Totally agree with over2you


----------



## Dobiegirl (15 March 2012)

LOne of the horses who died was being led when it reared and went over backwards sustaining a severe head injury. This could have happened at any time to anyone and whilst it is very sad this was an accident which could not have been predicted.


----------



## Over2You (16 March 2012)

carthorse said:



			Totally agree with over2you
		
Click to expand...

Thank you. Glad to see there is somebody else who actually cares about horse welfare.


----------



## Little Squirrel (16 March 2012)

Over2You said:



			Thank you. Glad to see there is somebody else who actually cares about horse welfare.
		
Click to expand...

What an ignorant thing to say.


----------



## ladyt25 (16 March 2012)

I haven't opened the link so don't know what the TV show is anyway or what happened. Over2You though, your name would suggest you are an eventing fan, is that right? How do you differentiate between racing and eventing when it comes to this said 'cruelty'? Horses (and people of course) die in eventing all the time and often do not get veterinary attention half as quickly as the racehorses who are seen within minutes if that after an incident.

Ok, so eventing isn't on TV as often although there are competitions all the time so does that mean, because people don't see the accidents it's not as bad? Plus, many horses who event are brought on through the hunting field where, again, many horses die!!

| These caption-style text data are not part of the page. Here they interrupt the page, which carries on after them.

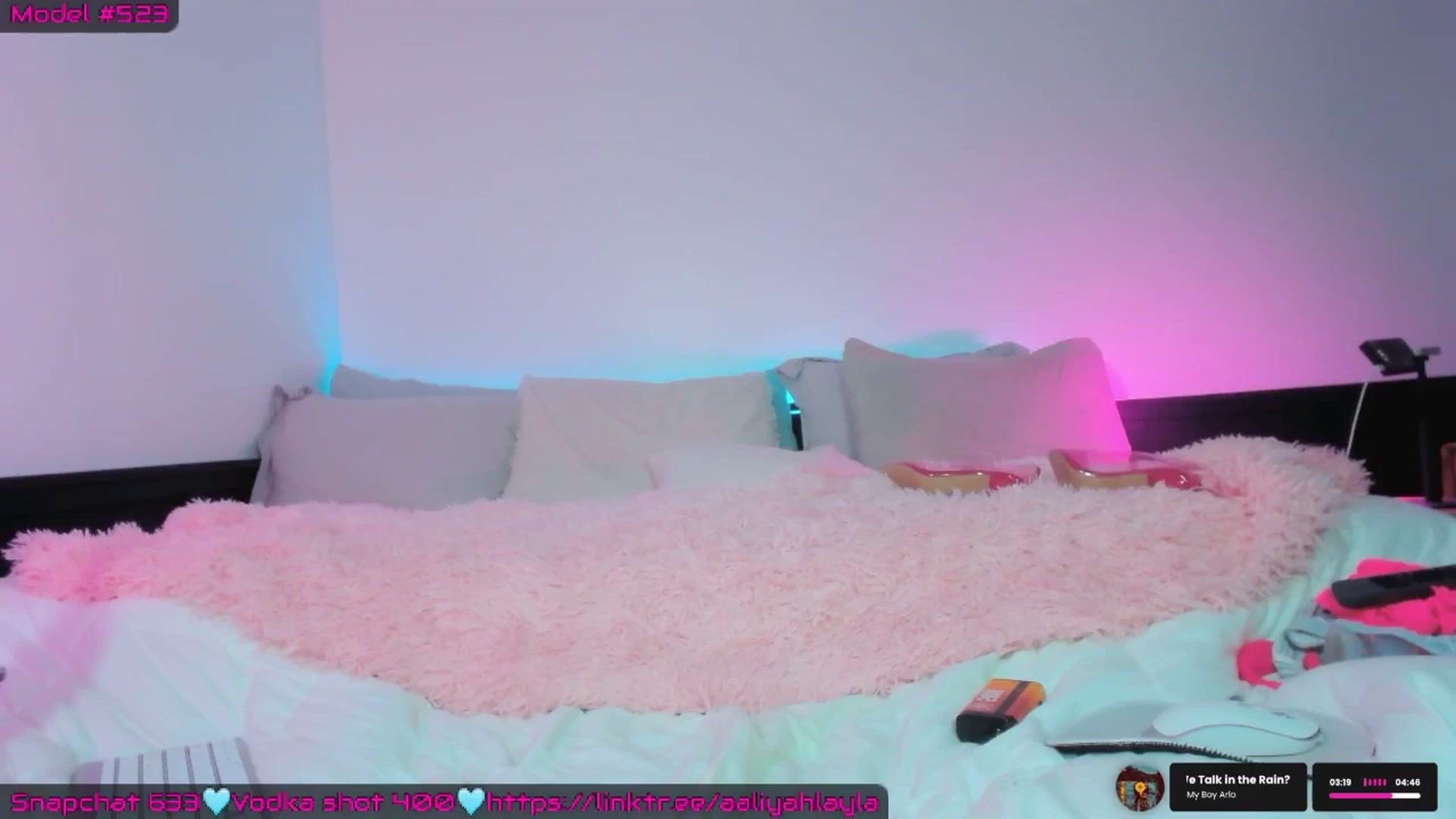 Gallery image thumbnail from AaliyahLayla's myfreecams stream on, 04/16/2026, 12:43 image 20 of 20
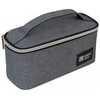 Kikka Boo Foody thermo-isolated Τσάντα Φαγητού 19x10x7cm Dark Grey 31108020052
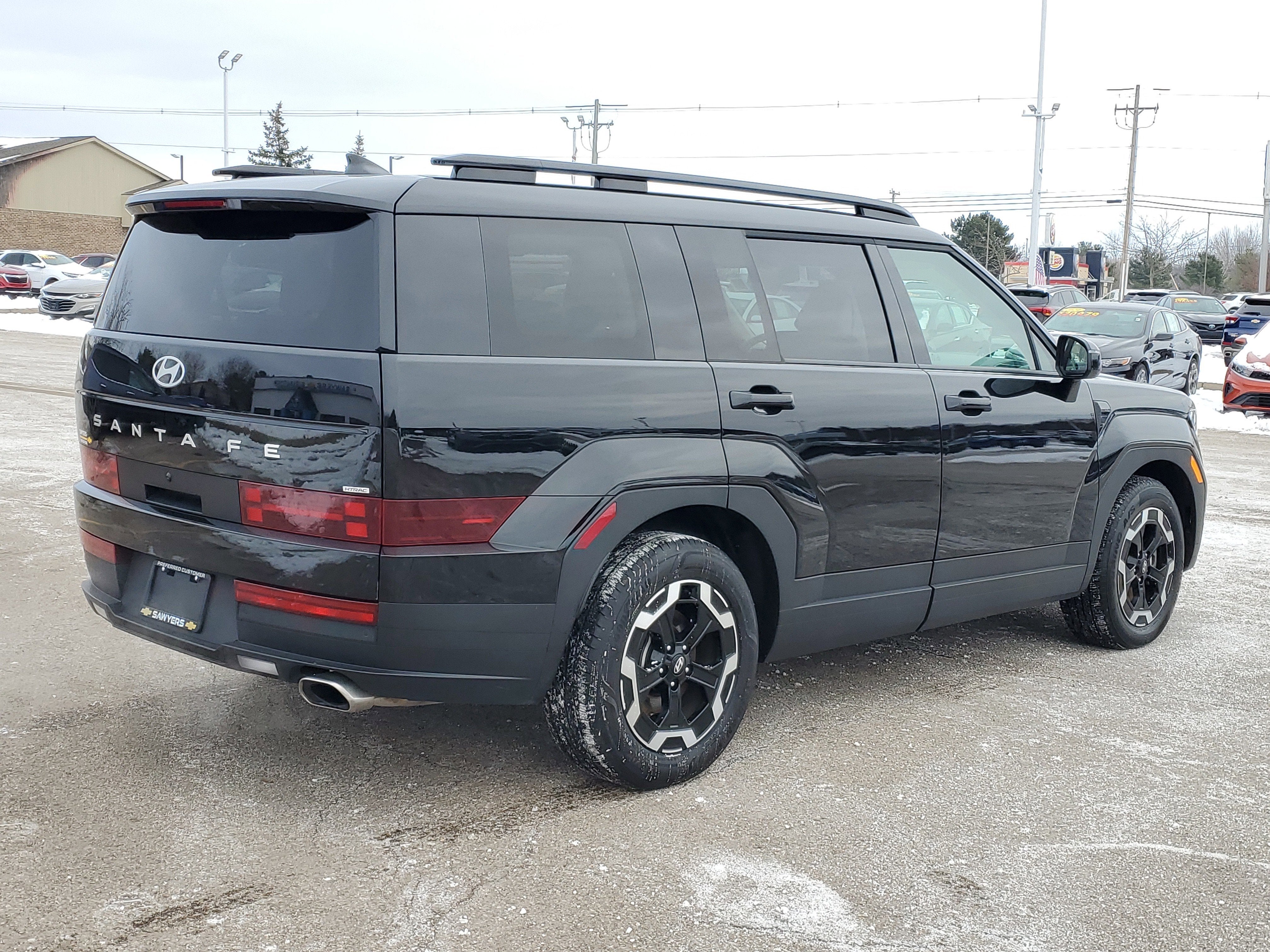 2025 Hyundai Santa Fe SEL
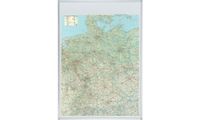 FRANKEN Deutschland Straßenkarte, magnethaftend (70010168)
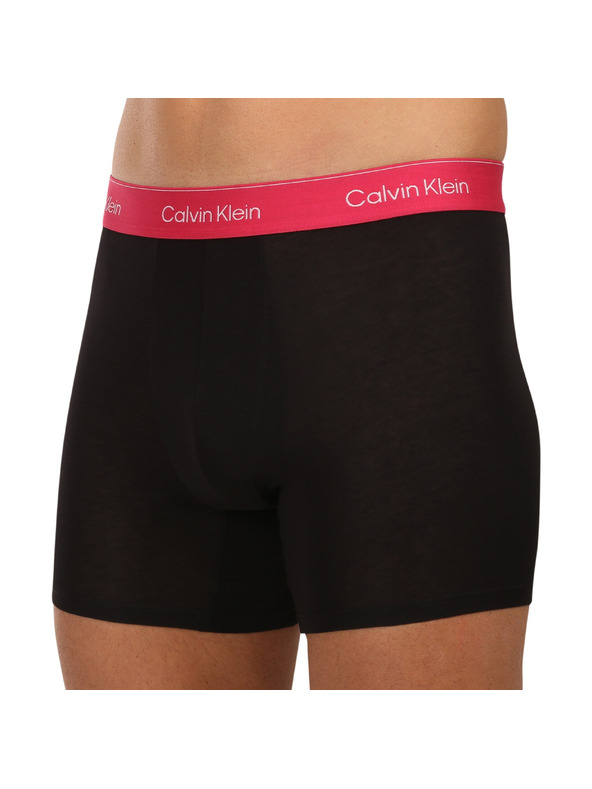 Calvin Klein Set treh - moške boksarice Calvin Klein črne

Unfortunately horses do die - look what just happened to poor Polly Stockton's horse rthat has just been killed, does that make them 'cruel' to or is it just a tragic accident???


----------



## griffin2727 (16 March 2012)

Totally agree with over2you..just adding my support. Simply not acceptable  ..simple as that !


----------



## Maui+Bec (23 March 2012)

agree with 'Over2You'. Got to admit the racing industry is higher risk and in many cases alot more ruthless.


----------



## HBM1 (23 March 2012)

ladyt25 said:



			I haven't opened the link so don't know what the TV show is anyway or what happened. Over2You though, your name would suggest you are an eventing fan, is that right? How do you differentiate between racing and eventing when it comes to this said 'cruelty'? Horses (and people of course) die in eventing all the time and often do not get veterinary attention half as quickly as the racehorses who are seen within minutes if that after an incident.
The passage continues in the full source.